Should I use a firewall on Linux laptop? (specifically for travelling)

I’m planning to travel next week and I’m using a laptop with openSUSE Tumbleweed. On my other devices, I use Mullvad VPN, but I haven’t been able to get it working on openSUSE (even with doing the WireGuard configuration steps from Mullvad themselves). I also use Pi-Hole with dnscrypt-proxy.

Also, I’m not an expert when it comes to Linux and cybersecurity/privacy.

Would installing and configuring a firewall on my laptop be beneficial for my travel?

Yes.
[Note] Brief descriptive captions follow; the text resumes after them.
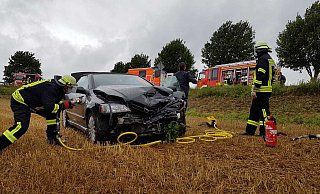 Feuerwehrleute müssen auch in Pandemiezeiten immer einsatzbereit sein, wie hier bei einem Unfall in Vörden. 100-prozentigen Schutz vor Ansteckung gibt es aber nicht. - David Schellenberg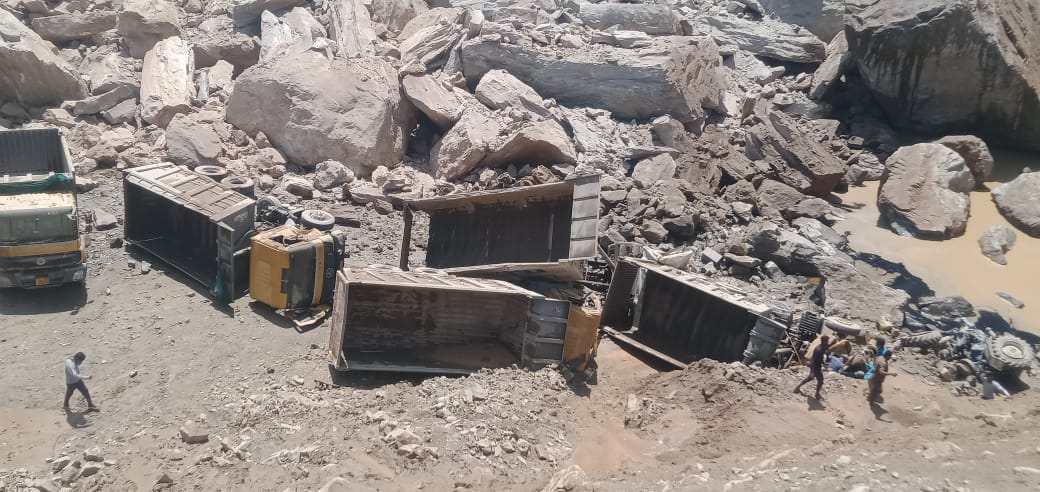 ಗುಂಡ್ಲುಪೇಟೆ ಗಣಿಯಲ್ಲಿ ಗುಡ್ಡಕುಸಿತ: ಇಬ್ಬರು ಮೃತ್ಯು, ಹಲವು ಮಂದಿ ಕಾರ್ಮಿಕರಿಗೆ ಗಾಯ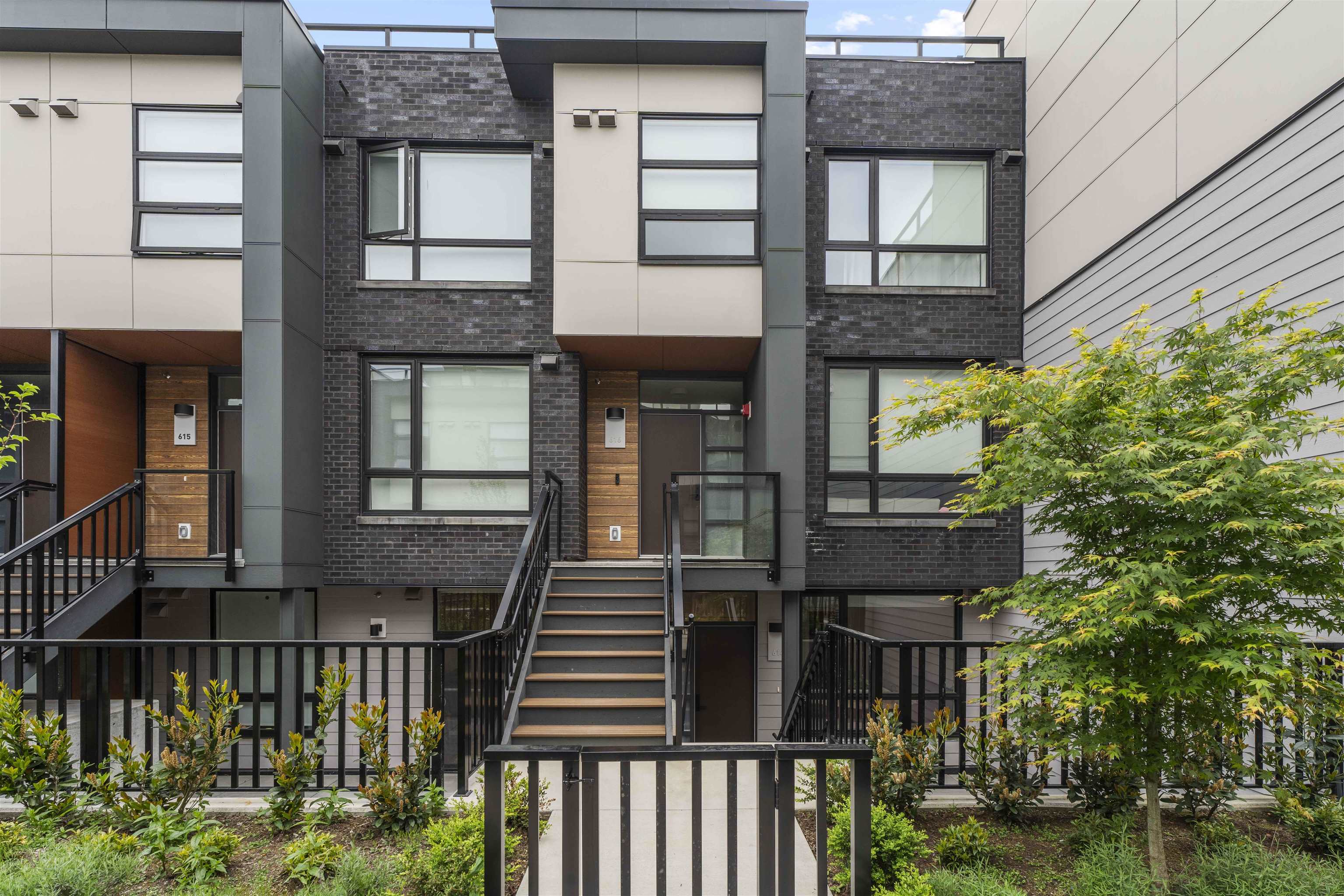 614 6085 IRMIN STREET, R3077057, BC,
It is good to disable unnecessary ports to reduce attack surface. See SkewedZepplins post here:

1 Like

Awesome, thanks a lot for this.

I just installed firewalld and by default it is set up as a public zone. If I’m at home, I guess I can change the zone to the predefined “home” zone?

For the VPN part, you need to generate a WireGuard profile on the Mullvad website with your account number. Then on your desktop you can import that profile straight in the network manager without configuring it manually.
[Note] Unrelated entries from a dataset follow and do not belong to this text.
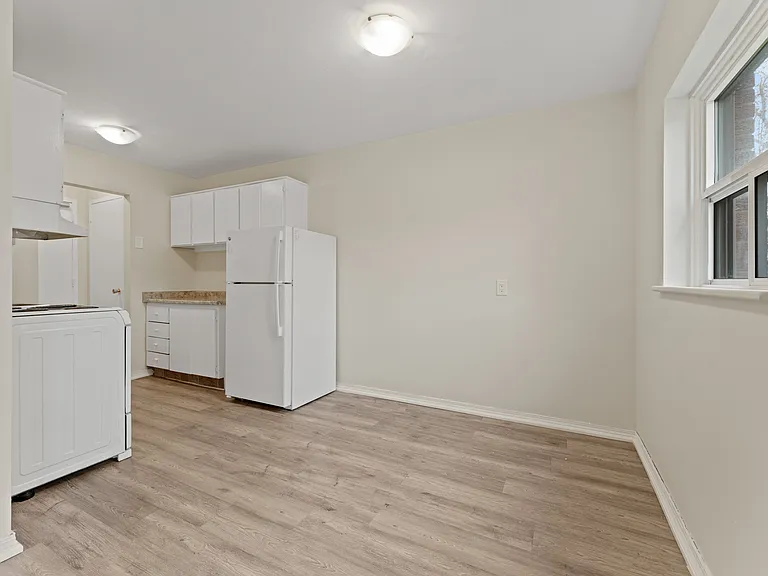 260 Randolph Pl — Photo 10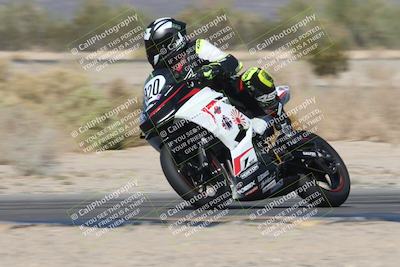 media/Nov-01-2025-CVMA (Sat) [[fc0f7531b8]]/Race 7-Formula Twins-Formula 40 UL/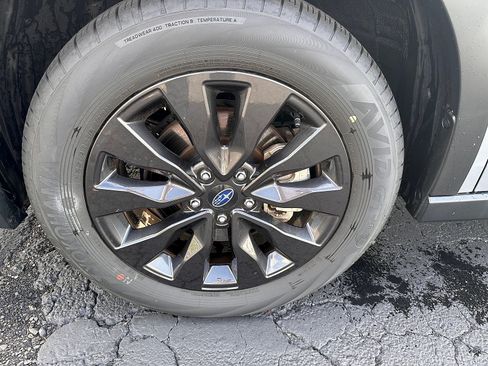 Certified 2025 Subaru Outback Onyx Edition AWD/4WD image 9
note: be sure wireguard-tools are installed, i’m not sure it’s standard available.

sudo zypper install wireguard-tools

You can import Wireguard configuration files (usually ending in .conf) in the Network settings in KDE System Settings.

Where in the Network settings do I import the config file?
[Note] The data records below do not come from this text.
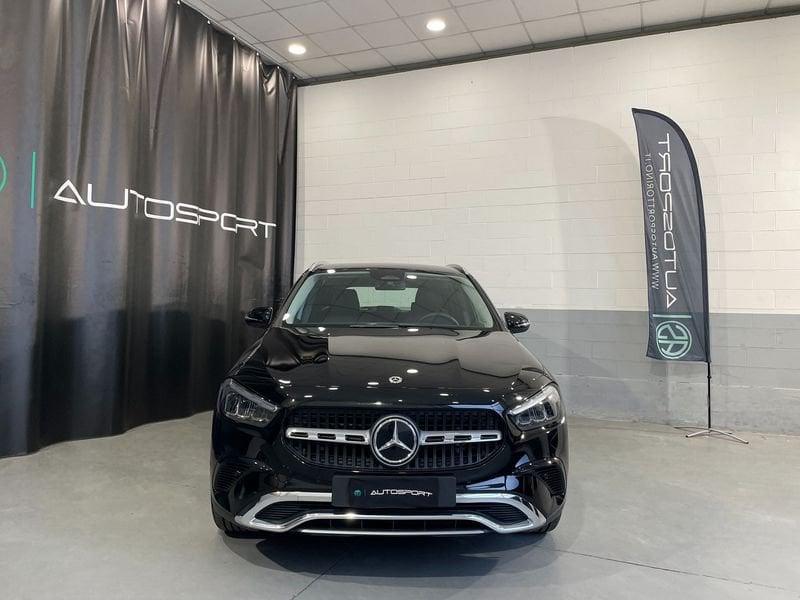 Mercedes-Benz GLA GLA 180 Automatic Progressive Advanced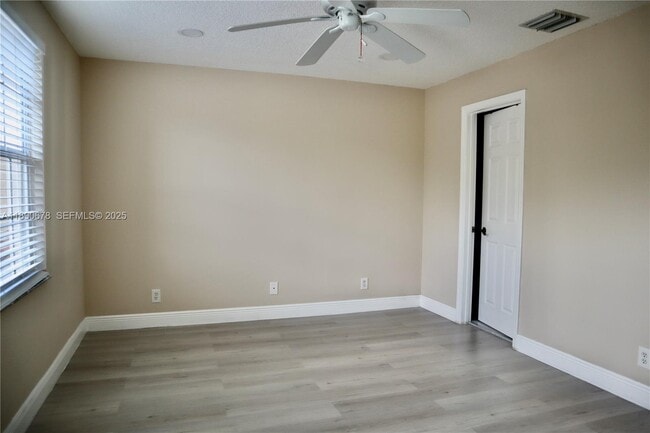 Building Photo - 8656 Southgate Shores Cir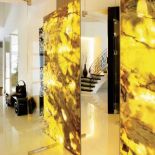 Onyksowe ściany są zachwycające, ale niezwykle kruche. Gospodarze przez pół roku szukali fachowca, który zgodziłby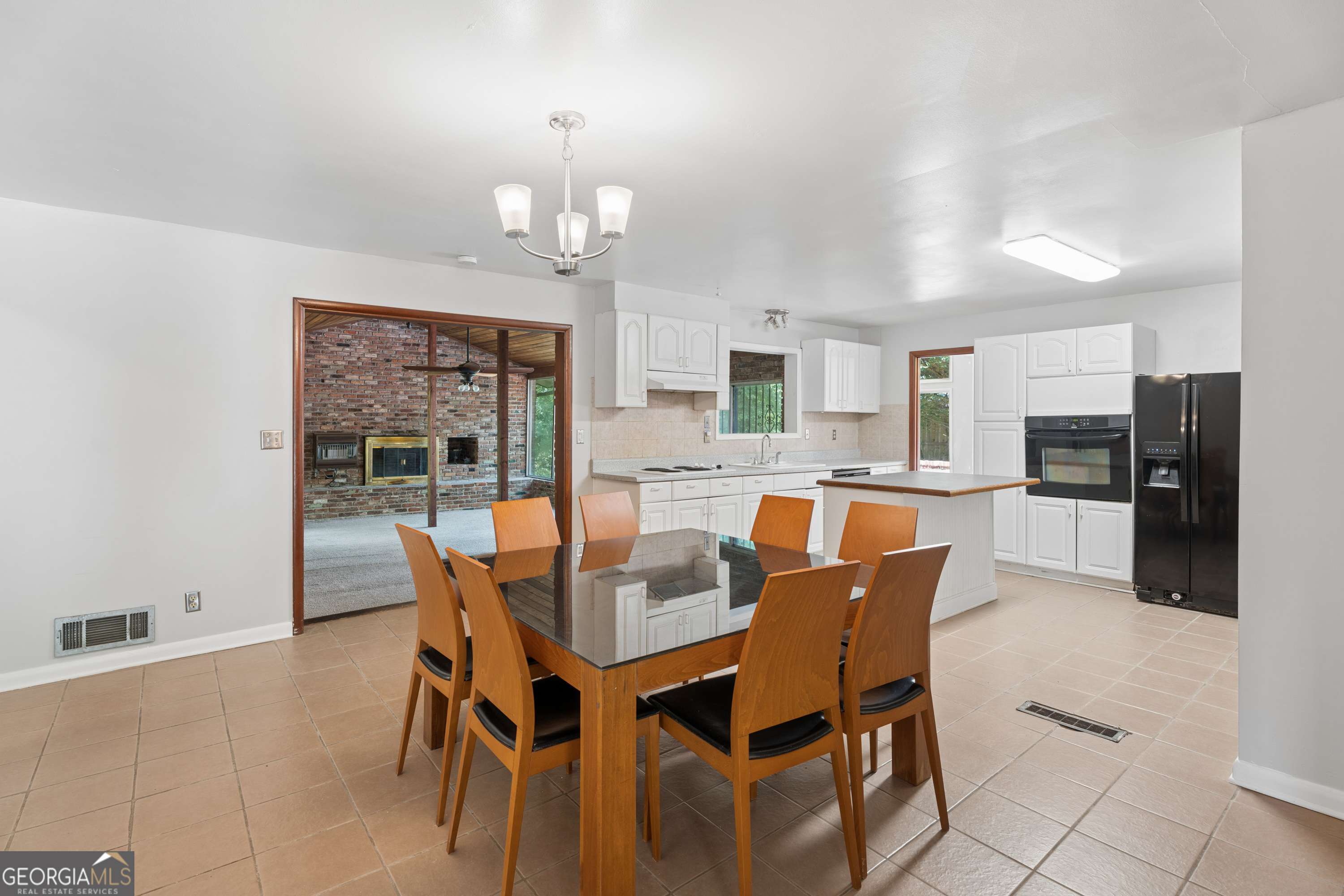 3543 Cloudland Drive Property Photo 8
KDE Settings → Wi-Fi & Networking → “+” → Import VPN connection → select .conf file → Create

Alright, I get the gist of it, thank you for the help!

Although, I am assuming that I insert the .conf file into my Wi-Fi. I’m just wondering, would I have to manually insert the config file for every Wi-Fi that I connect to?

The easiest way to automatically connect to the VPN independent of the WiFi network is: in the network settings, click on the VPN connection you just added → General configuration tab → Connect automatically with priority: -1

(This -1 means to connect automatically but with lower priority than the Wi-Fi connection itself which by default is priority 0)

If you restart it should connect to the WiFi and then the VPN

Hmm, seems like KDE won’t let me save the changes when I change it to -1.

I still appreciate the help with this, thankfully I can do this without hassle.

Public zone is usually fine for most home users, too. You can look at the allowed services and ports of both zones to see the difference.